# The electric compnay called the other day...



## trkarl (Dec 15, 2009)

A funny thing happened the other day. I got a call from the electric company that said they see that I have a solar electric system and am backfeeding into the grid illegally and need to either fill out the agreement or shut the system off or they will disconnect me. They said I am making my meter spin backwards.

I called them up and said that would be a neat trick since my system isn't connected to the grid. I said they can come out and have a look at it any time they want to. They scheduled for the following day.

Well the supervisor and a lady came out for a visit. I got to give them a good education of a stand alone solar system and how it works HAHA!! They were really nice and asked a lot of questions because they had never seen one before.

We ran different loads and watched the battery voltage go up and down. I asked how is it spinning my meter backwards and who said it was?
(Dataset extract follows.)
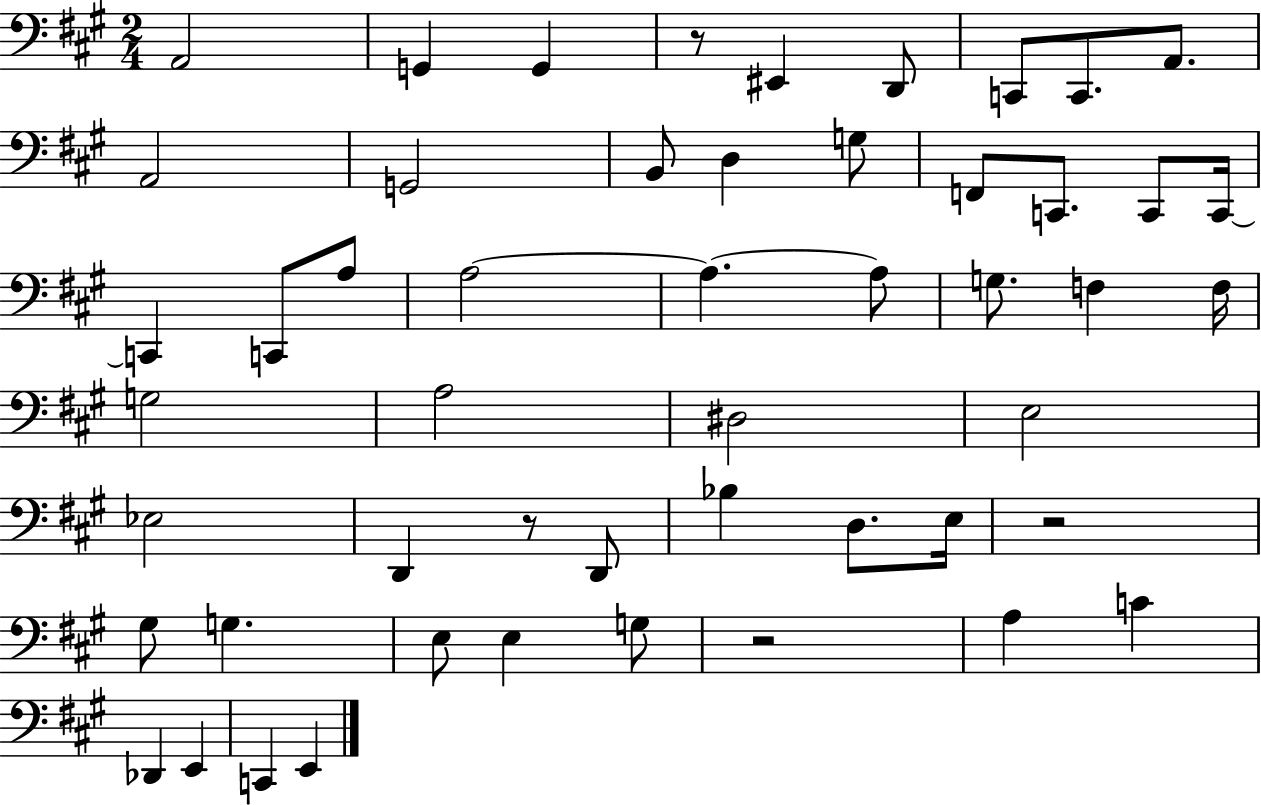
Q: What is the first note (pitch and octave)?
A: A2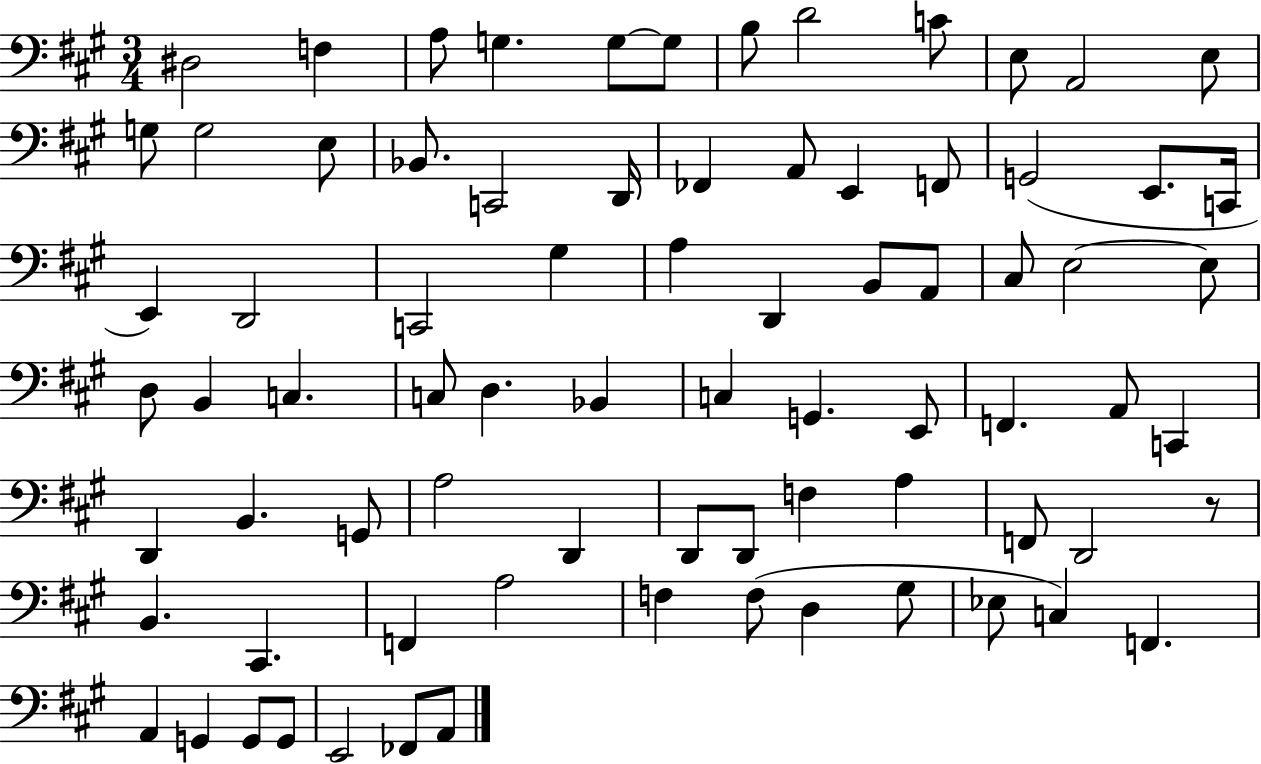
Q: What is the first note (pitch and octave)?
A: D#3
He said no one saw the meter going backwards it's just that the power software that reads the meter every day couldn't figure out my usage and was trying to estimate the usage. He said this is the first sign of power theft which they have a big problem with. So someone investigates and sees the panels and thinks I am backfeeding.

Well on sunny days most all of my power comes from the panels. Then on not so sunny days it comes from the grid so that was confusing the computer which looks for steady usage. Seems like they need to tweak that software LOL!!


----------



## Tarheel (Jan 24, 2010)

Life's good anytime you can screw around with the power company ! :grin:


----------



## TnAndy (Sep 15, 2005)

Yep, I agree. Mine spun backwards this month to the tune of minus 17 bucks.


----------



## solidwoods (Dec 23, 2005)

And they are the educated ones.
As you know if you try to "back feed" the incoming pwr with non synchronized voltage you will be the first on to know because of the electrical fire and possible explosion.

My guess it the elec co. is upset because you stopped using as much electric as you used to use and they want to snoop to collect info to create a law to help compensate their loss.
Don't laugh it may be comming.
jim


----------



## artificer (Feb 26, 2007)

Why is it automatically assumed that the power company is the Evil Empire? Yes, I agree, nobody wants to pay what they charge. Yes, they have a large bureaucracy and all the downfalls of that.

If they're so Eeeevviiillleee, just cut the line, and don't use their power.

I can see the humor in the OP's post. I can also see that the power company is successfully monitoring their system and finding problem areas. Power theft is dangerous, as well as being... theft. Backfeeding improperly has killed lineman in the past. Yes, they jumped to a conclusion without proper research, but if you've been on this forum for a while, or other alternative energy sites, you'll have heard of many people connecting up systems without proper safety disconnects or authorization. Just like the credit card fraud prevention... sometimes it bites you in the backside, but I still want that protection to be used on my CC anyway. Their monitoring may be flawed, but it helps them discover problems with the system.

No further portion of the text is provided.